#### [Task directions]
Exactly the lines from the opening of the records through the line containing "Entrega de premios" should be copied, with both included.

Source material Block Start

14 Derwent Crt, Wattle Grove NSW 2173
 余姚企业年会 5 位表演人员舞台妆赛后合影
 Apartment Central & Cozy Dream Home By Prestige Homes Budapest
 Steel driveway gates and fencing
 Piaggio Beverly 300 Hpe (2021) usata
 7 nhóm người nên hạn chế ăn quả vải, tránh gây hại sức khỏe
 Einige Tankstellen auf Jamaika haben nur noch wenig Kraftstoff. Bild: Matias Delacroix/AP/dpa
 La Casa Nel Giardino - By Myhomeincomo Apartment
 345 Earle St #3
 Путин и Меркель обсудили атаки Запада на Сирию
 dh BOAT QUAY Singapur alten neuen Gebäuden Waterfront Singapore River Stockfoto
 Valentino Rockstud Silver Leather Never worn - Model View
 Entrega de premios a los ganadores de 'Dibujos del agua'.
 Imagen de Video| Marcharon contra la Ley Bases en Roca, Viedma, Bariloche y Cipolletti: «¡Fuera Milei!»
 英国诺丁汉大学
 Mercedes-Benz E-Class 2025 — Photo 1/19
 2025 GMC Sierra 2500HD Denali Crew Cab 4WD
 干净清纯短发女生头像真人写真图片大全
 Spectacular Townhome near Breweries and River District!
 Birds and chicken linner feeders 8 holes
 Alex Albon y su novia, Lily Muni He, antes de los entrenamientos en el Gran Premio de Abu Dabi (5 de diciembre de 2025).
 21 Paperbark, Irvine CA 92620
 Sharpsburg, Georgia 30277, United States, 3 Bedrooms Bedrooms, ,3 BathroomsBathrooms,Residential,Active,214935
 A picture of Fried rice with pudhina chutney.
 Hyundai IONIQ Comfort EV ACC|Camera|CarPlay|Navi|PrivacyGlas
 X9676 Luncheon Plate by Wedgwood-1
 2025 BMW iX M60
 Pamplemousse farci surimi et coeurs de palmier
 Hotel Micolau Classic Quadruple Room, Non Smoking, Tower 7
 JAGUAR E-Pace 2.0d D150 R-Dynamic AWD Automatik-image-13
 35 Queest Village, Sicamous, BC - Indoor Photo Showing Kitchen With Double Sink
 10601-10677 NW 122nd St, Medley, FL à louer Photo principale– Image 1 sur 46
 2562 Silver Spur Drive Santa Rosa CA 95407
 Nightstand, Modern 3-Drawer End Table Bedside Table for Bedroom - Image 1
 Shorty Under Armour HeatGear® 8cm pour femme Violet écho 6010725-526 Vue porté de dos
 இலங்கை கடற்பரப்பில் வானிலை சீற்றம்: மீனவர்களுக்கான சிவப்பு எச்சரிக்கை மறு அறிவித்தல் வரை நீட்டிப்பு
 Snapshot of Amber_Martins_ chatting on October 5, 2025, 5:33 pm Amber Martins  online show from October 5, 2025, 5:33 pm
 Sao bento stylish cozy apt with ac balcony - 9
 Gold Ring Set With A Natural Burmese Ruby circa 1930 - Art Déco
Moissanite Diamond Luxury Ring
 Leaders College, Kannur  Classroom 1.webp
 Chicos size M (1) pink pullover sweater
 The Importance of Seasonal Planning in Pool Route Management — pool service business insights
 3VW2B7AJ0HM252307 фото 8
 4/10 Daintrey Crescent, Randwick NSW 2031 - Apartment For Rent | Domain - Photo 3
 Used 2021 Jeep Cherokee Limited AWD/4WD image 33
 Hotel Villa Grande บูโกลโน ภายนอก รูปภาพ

Source material Block End

#### [Finished exercise]
14 Derwent Crt, Wattle Grove NSW 2173
 余姚企业年会 5 位表演人员舞台妆赛后合影
 Apartment Central & Cozy Dream Home By Prestige Homes Budapest
 Steel driveway gates and fencing
 Piaggio Beverly 300 Hpe (2021) usata
 7 nhóm người nên hạn chế ăn quả vải, tránh gây hại sức khỏe
 Einige Tankstellen auf Jamaika haben nur noch wenig Kraftstoff. Bild: Matias Delacroix/AP/dpa
 La Casa Nel Giardino - By Myhomeincomo Apartment
 345 Earle St #3
 Путин и Меркель обсудили атаки Запада на Сирию
 dh BOAT QUAY Singapur alten neuen Gebäuden Waterfront Singapore River Stockfoto
 Valentino Rockstud Silver Leather Never worn - Model View
 Entrega de premios a los ganadores de 'Dibujos del agua'.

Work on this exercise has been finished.